TASK BRIEF: The records that follow are to be repeated exactly, with no pictures carried over.

DATA TO USE: Begin

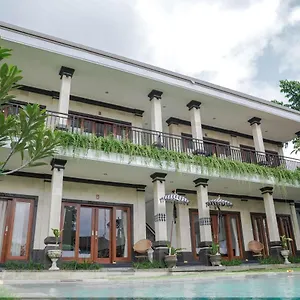 Padma , Ubud (Bali) Indonesia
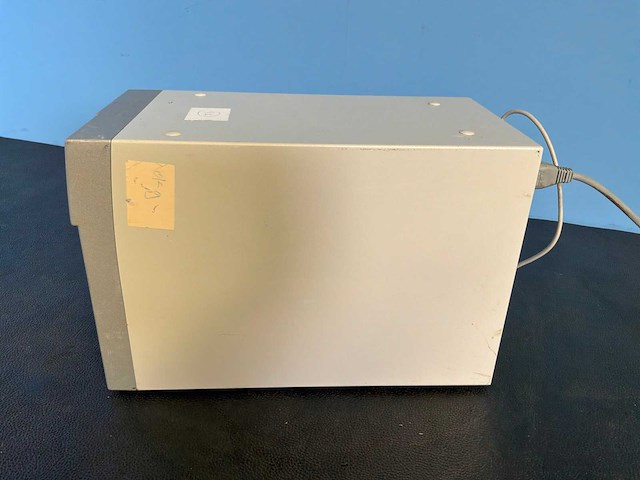 Erbe - smoke evacuator - afbeelding 2 van  6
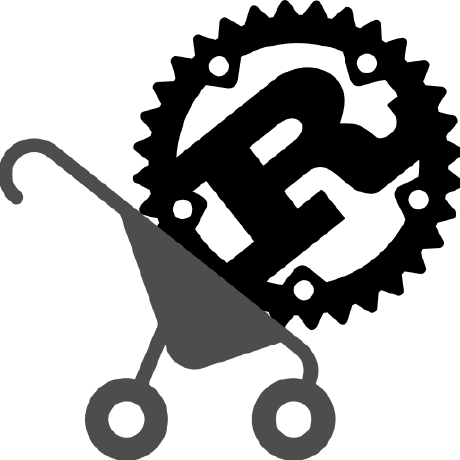rust-lang-nursery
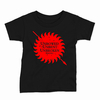 Remera Infantil Manga Corta GAME OF THRONES 40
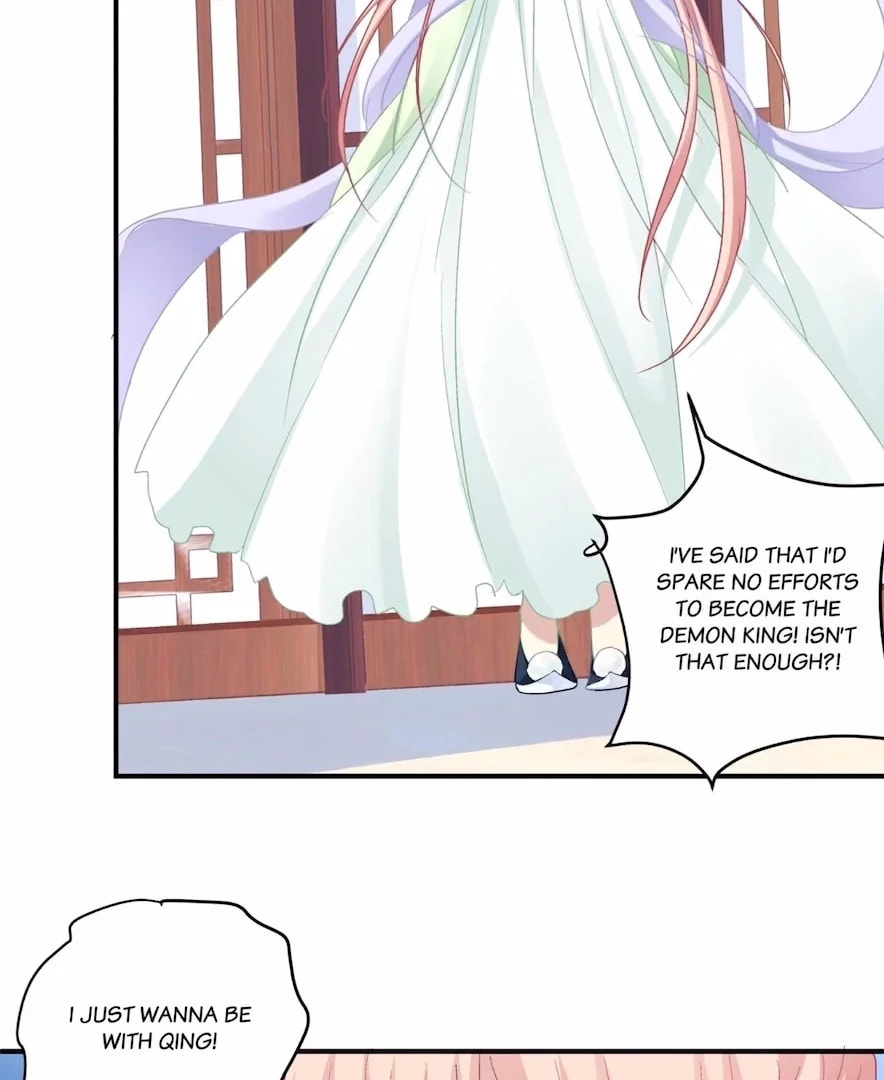 Cat Demon's Seduction (Colored) Chapter 167 page 66 - 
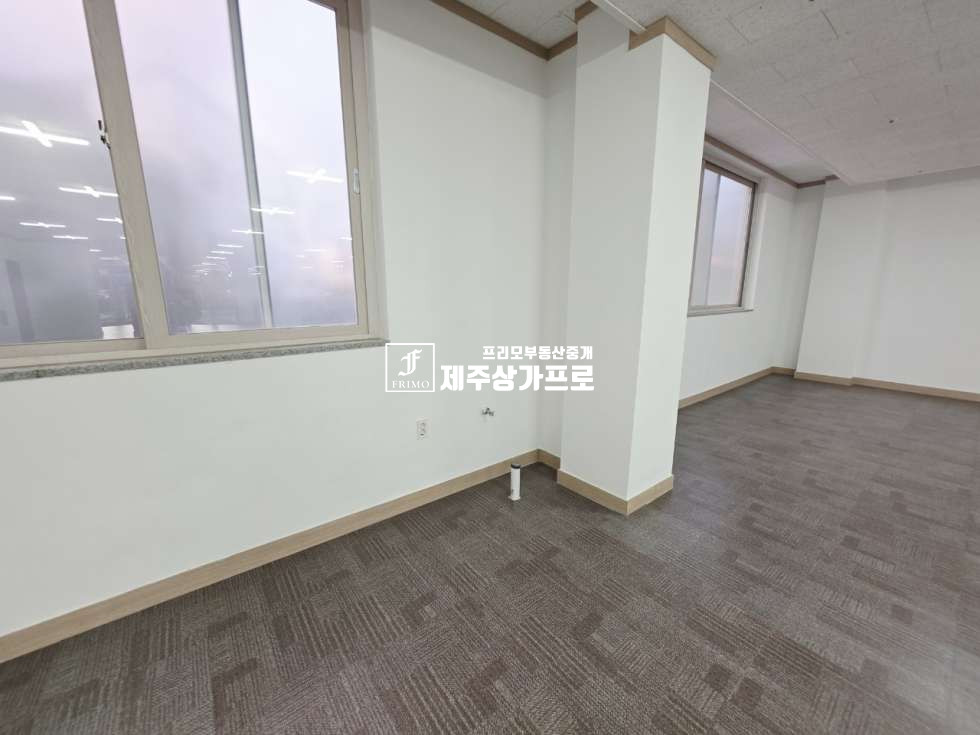 제주 제주시 아라일동 ★무권리!!/아라일동/중앙로 대로변/1층/72평/프랜차이즈 강력추천/상가 임대★ 연세 매물번호 14989 사진 5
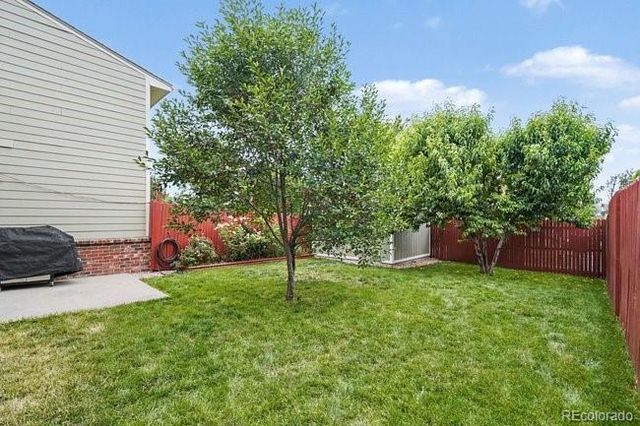 5036 E 125th Avenue, Thornton, CO 80241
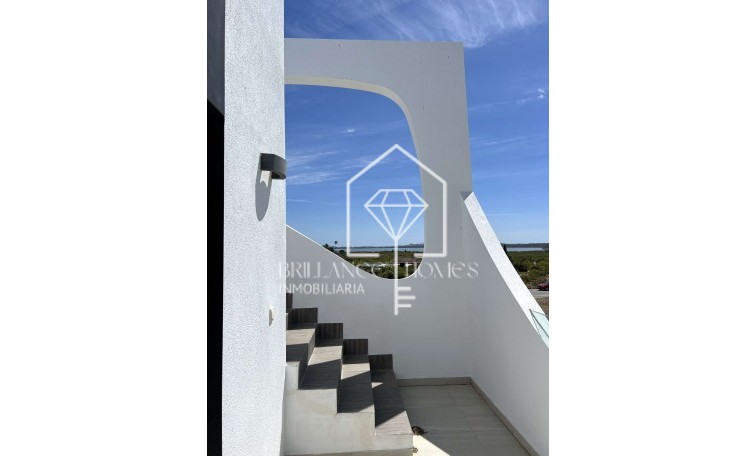 Obra nueva - Detached chalet - Rojales - 03170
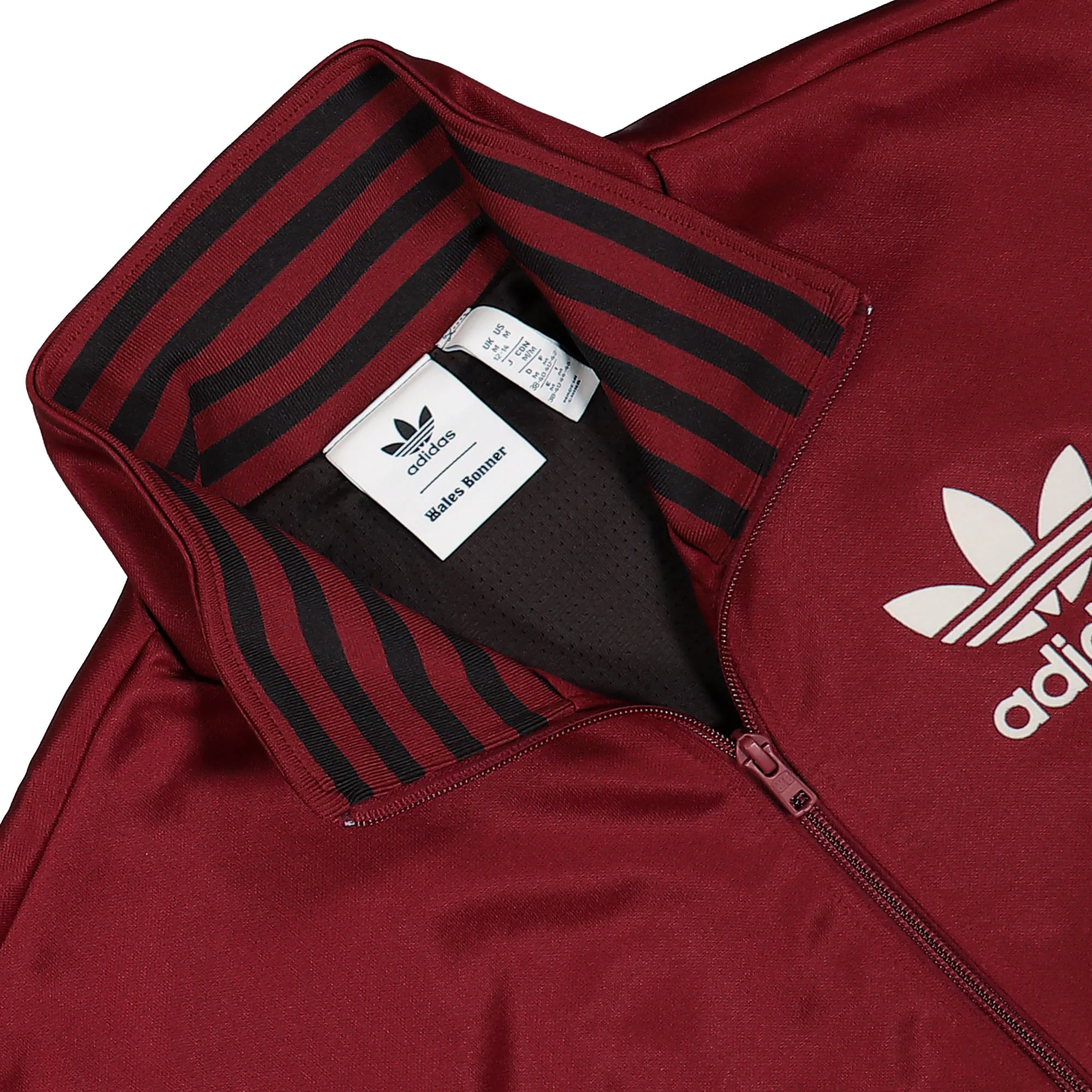 W Track Top - Image 3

DATA TO USE: End

WRITTEN SOLUTION:
 Padma , Ubud (Bali) Indonesia
 Erbe - smoke evacuator - afbeelding 2 van  6
rust-lang-nursery
 Remera Infantil Manga Corta GAME OF THRONES 40
 Cat Demon's Seduction (Colored) Chapter 167 page 66 - 
 제주 제주시 아라일동 ★무권리!!/아라일동/중앙로 대로변/1층/72평/프랜차이즈 강력추천/상가 임대★ 연세 매물번호 14989 사진 5
 5036 E 125th Avenue, Thornton, CO 80241
 Obra nueva - Detached chalet - Rojales - 03170
 W Track Top - Image 3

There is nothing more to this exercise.